## [Task details]
In the records below, repeat word for word only the lines starting at the one that contains "TRIBAL L/S BUTTON FRONT SWEATER CARDIGAN" and ending at the one that contains "Tonal Green Apple", pictures excluded.

## [Data]
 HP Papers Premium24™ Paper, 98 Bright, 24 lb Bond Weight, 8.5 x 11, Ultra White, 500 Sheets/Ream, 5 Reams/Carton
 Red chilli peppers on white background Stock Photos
* * *
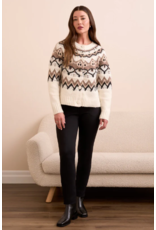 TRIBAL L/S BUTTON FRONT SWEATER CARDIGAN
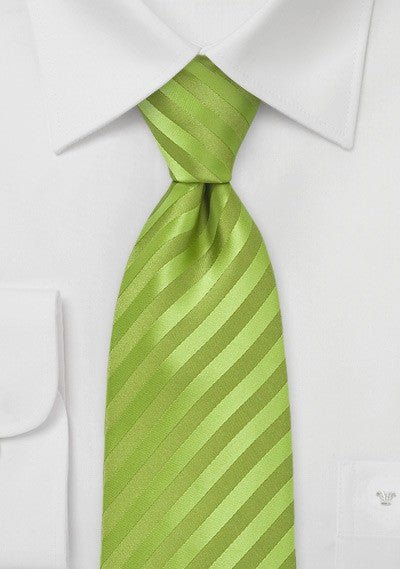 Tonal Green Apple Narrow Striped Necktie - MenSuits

## [Response below]
 TRIBAL L/S BUTTON FRONT SWEATER CARDIGAN
 Tonal Green Apple Narrow Striped Necktie - MenSuits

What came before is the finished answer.